The project findings on the challenges and successes of digital reading in schools and communities also indicates a poor culture among parents to read to their children which impacts on the children’s reading habits and calls for behavioral change to promote a stronger reading culture.
The findings are based on The Keep Children Reading project, a partnership between Worldreader, a global nonprofit organization that promotes free digital learning and Kidogo Centre of Excellence. It delves into the effectiveness of technology supported-educational initiatives in provision of quality éducation.
The project highlights the current state of digital learning among children aged 3-8 years in informal settlements of Kibera, Kawangware and Mukuru Kwa Njenga. The nine-month project includes data from 12,750 direct beneficiaries – 12,500 children and 250 teachers – enrolled in 83 ECCs.
The study notes that parental engagement in school activities was wanting, with most parents unable or unwilling to attend school meetings and calls for better parents-teachers interaction to help promote early childhood development.
It also notes that in instances where children require mobile gadgets for digital learning, fathers would generally be less enthusiastic in releasing their phones when compared to mothers which was impacting on their digital learning. It acknowledges however that many families cannot afford mobile data consistently, while a good number rely on feature phones as opposed to smartphones. Mothers are also more directly involved with their children’s learning and homework compared to fathers.
Overall however, the survey notes that there is a marked improvement in reading among the target age group.
Speaking during the official release of project findings at Bethany Joy School in Kawangware, Worldreader Regional Director for East Africa Joan Mwachi-Amolo said “This report provides us with information about access to digital resources and valuable insights into building a habit of digital reading and learning in Kenya. The project aimed to provide much needed solutions and support to the current learning crįsis faced by children, especially in informal settlements.”

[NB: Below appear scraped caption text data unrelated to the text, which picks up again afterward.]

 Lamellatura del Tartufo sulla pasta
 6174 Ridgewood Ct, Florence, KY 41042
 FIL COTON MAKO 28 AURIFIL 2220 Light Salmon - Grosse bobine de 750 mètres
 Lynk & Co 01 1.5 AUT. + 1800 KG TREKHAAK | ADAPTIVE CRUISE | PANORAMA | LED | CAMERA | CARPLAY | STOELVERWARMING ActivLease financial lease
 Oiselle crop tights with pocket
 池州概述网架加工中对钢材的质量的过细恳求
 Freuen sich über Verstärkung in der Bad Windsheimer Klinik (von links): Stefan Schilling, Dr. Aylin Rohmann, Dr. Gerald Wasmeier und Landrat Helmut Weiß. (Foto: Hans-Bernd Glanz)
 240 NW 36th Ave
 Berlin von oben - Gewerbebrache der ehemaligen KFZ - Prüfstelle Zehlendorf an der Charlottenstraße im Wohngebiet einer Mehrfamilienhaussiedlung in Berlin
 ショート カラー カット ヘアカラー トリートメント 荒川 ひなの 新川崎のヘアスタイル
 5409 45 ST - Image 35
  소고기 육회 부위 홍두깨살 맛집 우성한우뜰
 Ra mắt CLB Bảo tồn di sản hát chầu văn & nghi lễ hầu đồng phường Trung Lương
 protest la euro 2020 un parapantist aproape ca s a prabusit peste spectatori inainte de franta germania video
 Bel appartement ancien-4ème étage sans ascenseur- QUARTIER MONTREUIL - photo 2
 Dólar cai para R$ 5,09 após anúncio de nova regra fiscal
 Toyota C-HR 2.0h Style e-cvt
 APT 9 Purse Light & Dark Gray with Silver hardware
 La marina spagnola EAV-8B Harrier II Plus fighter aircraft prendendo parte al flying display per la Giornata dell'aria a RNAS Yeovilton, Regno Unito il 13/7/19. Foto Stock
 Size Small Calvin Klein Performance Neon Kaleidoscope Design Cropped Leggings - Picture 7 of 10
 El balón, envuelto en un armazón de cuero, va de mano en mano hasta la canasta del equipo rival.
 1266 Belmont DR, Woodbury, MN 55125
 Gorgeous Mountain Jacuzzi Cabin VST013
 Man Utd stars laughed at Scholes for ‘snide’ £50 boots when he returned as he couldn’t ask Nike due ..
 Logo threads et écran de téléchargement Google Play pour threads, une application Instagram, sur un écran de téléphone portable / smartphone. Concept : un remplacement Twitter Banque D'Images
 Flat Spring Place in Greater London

The Regional Director further added that Worldreader’s mission was to support vulnerable and underserved communities with digital reading solutions that help improve learning outcomes, workforce readiness, and gender equity and that the organization was committed to working with partners in realising this.
Around 66.7 percent of the centres in the target areas have a library while less than 20 percent of children read at home
40 percent of parents in the target areas own phones, while 50 percent of parents have basic literacy skills. 70 percent of teachers in the target areas own smartphones.
Dr Rosemary Olumbe, a child safety expert at the Daystar University, said assessments done by the University under the partnership indicate gaps in the implementation of child protection policies and that there was need to widen the burden of responsibility for child protection to include more organizations and individuals in society, whether or not they are in direct contact with children in the course of their work.
“We start from ensuring that all our organizations make an express commitment to protecting children, this is expressed through our child protection policy, and each and every single organization must have a child protection policy that guides all its workers and partners on their relationships and commitments to children,” Dr Olumbe said.
Thomas Ochieng of the Ruben Centre said it was important for parents to keep their children from intrusive online content by physically monitoring their phone usage and by deleting all intrusive apps on their phones before allowing use by their children.